I also lobbed about a pound of weight/bait with that same 60 lb shock leader, so it really depends on how hard you cast.
For shock leader, mono is fine and cheap.


----------



## Catch This (Nov 19, 2005)

+1 on what PODS said. I use about 6 feet of 20lb flouro as a shock leader on the light stuff in the surf and bay.


----------



## Virginia_2_Maine (Aug 4, 2015)

yea im not looking to cast way out there. i will only be tossing 4 oz of weight plus bait...so you think 20 pound fluoro will be fine for me for the surf and sound?


----------



## SmoothLures (Feb 13, 2008)

10-15 lb fluoro for inshore up to 25 or 30 lb if needed around oysters/rocks. This is tied to your main line with a uni-uni knot or similar then tied to your lure. Tie Carolina rigs out of fluoro. I usually use 20 or 25 lb. 

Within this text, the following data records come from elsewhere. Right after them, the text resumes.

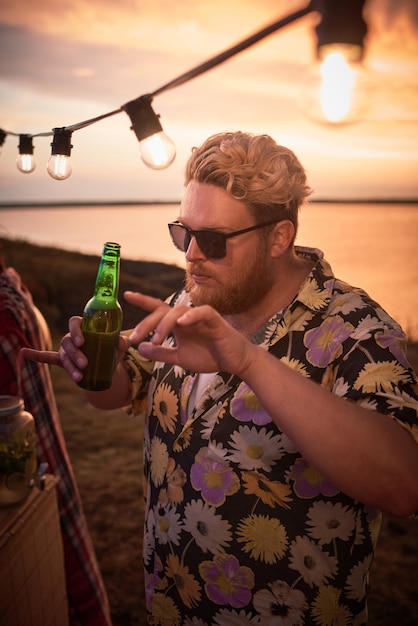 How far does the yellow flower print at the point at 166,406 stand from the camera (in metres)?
1.85

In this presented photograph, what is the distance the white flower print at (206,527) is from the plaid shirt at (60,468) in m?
1.22

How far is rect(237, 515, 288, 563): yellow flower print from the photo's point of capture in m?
1.59

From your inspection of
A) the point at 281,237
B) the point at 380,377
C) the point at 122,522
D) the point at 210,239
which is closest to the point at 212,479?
the point at 380,377

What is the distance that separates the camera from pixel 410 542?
4.25 meters

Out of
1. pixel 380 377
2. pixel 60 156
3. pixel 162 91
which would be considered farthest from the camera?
pixel 60 156

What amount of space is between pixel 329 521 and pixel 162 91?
1.44m

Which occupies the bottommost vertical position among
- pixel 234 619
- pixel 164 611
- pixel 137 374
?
pixel 164 611

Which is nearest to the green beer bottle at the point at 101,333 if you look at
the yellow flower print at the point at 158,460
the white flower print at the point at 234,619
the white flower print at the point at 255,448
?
the yellow flower print at the point at 158,460

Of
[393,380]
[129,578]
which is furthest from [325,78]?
[129,578]

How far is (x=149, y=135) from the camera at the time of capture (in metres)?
1.38

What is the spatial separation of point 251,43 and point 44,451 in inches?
94.3

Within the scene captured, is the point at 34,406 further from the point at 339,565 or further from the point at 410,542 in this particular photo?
the point at 410,542

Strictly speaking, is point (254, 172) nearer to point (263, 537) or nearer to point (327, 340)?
point (327, 340)

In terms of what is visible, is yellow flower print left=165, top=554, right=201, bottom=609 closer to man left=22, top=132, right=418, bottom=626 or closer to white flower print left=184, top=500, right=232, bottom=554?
man left=22, top=132, right=418, bottom=626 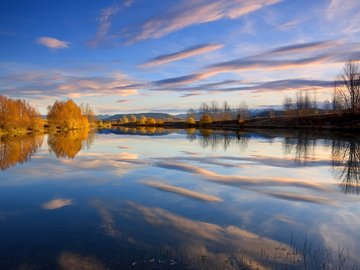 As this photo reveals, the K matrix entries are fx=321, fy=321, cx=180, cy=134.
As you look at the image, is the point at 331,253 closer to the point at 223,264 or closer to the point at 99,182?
the point at 223,264

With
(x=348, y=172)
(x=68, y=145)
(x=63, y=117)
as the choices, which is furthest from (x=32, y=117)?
(x=348, y=172)

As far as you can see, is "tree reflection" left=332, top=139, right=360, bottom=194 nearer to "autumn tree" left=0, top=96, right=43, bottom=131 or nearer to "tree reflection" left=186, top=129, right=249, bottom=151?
"tree reflection" left=186, top=129, right=249, bottom=151

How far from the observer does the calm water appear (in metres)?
6.74

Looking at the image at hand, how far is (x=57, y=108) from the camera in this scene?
311 feet

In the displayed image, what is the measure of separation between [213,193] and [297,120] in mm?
82722

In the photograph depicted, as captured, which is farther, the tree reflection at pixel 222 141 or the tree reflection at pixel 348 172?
the tree reflection at pixel 222 141

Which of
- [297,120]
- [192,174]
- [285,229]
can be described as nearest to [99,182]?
[192,174]

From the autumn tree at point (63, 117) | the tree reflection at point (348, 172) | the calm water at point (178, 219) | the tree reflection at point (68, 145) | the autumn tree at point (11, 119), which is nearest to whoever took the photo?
the calm water at point (178, 219)

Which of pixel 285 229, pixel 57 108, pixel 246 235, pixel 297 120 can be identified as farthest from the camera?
pixel 57 108

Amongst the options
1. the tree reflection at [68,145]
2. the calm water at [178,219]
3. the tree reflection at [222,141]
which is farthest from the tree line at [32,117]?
the calm water at [178,219]

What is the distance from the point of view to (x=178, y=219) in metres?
9.35

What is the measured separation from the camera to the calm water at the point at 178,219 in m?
6.74

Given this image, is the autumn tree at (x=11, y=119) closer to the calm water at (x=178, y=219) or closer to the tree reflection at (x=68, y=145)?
the tree reflection at (x=68, y=145)

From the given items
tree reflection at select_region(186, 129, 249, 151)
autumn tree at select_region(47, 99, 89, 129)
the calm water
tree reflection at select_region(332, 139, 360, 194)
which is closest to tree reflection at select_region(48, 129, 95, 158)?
the calm water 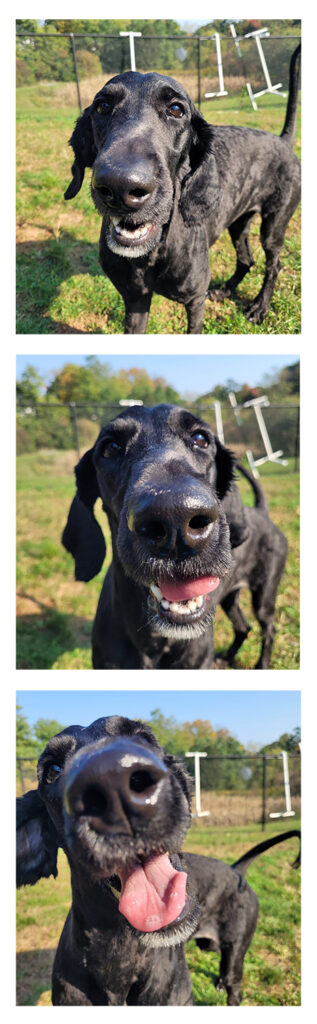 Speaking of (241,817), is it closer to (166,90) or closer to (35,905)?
(35,905)

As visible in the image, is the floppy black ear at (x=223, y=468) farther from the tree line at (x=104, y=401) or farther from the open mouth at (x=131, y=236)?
the tree line at (x=104, y=401)

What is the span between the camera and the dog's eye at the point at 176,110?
98.9 inches

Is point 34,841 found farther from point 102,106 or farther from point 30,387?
point 30,387

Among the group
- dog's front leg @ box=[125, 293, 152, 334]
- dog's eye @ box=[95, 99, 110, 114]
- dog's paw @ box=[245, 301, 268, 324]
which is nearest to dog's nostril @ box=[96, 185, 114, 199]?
dog's eye @ box=[95, 99, 110, 114]

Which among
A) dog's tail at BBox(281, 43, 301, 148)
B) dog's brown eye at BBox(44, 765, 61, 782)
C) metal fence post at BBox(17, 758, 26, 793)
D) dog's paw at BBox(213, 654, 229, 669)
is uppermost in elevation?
dog's tail at BBox(281, 43, 301, 148)

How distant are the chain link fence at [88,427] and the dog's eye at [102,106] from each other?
4741 millimetres

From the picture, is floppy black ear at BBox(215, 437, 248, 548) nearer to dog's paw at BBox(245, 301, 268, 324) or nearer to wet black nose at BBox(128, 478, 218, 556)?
wet black nose at BBox(128, 478, 218, 556)

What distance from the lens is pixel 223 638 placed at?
4445 mm

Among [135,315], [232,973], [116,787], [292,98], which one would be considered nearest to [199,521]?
[116,787]

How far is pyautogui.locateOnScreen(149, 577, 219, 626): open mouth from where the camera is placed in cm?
202

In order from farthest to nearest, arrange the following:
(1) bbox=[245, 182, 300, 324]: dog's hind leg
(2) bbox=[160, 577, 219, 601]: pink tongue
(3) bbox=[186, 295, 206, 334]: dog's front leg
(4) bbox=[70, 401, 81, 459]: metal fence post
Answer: (4) bbox=[70, 401, 81, 459]: metal fence post
(1) bbox=[245, 182, 300, 324]: dog's hind leg
(3) bbox=[186, 295, 206, 334]: dog's front leg
(2) bbox=[160, 577, 219, 601]: pink tongue

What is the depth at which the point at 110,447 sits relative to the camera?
237cm

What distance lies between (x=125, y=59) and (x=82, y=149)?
0.74m

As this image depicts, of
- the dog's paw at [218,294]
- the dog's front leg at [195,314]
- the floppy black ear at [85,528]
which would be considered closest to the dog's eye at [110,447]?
the floppy black ear at [85,528] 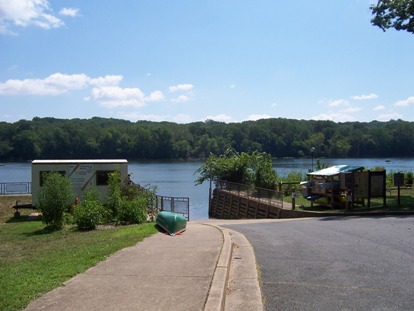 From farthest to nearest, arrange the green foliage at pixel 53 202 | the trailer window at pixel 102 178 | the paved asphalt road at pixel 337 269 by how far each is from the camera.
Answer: the trailer window at pixel 102 178, the green foliage at pixel 53 202, the paved asphalt road at pixel 337 269

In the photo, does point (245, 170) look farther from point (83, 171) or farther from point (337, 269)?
point (337, 269)

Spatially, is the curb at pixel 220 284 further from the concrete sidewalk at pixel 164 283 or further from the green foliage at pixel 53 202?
the green foliage at pixel 53 202

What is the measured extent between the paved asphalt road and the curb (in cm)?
54

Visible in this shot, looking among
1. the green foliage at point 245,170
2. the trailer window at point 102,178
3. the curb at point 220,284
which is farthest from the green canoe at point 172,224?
the green foliage at point 245,170

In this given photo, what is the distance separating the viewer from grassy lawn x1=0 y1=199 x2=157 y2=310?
6.36 metres

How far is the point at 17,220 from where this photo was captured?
2239 centimetres

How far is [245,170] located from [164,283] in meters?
28.3

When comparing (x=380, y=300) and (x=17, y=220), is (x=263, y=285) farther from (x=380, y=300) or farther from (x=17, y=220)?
(x=17, y=220)

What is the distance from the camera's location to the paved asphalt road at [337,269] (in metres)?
5.86

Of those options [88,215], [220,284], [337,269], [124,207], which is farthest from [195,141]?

For the surf tie your rigs out of fluoro and use a mono shock leader, tied to your main line, then to your fluoro rig. 50 and 60 lb mono is suitable for almost everything and overkill for a lot situations. I usually use 30 lb shock leaders with lighter line for panfish on longer casts. I very frequently use no shock leader with 12-14 mono for pompano throwing 2-3 oz bottom rigs, but this is with light 7' rods for the suds and in the trough... 

A shock leader is just so you don't snap your line due to the force behind heaving big chunks of bait and lead out.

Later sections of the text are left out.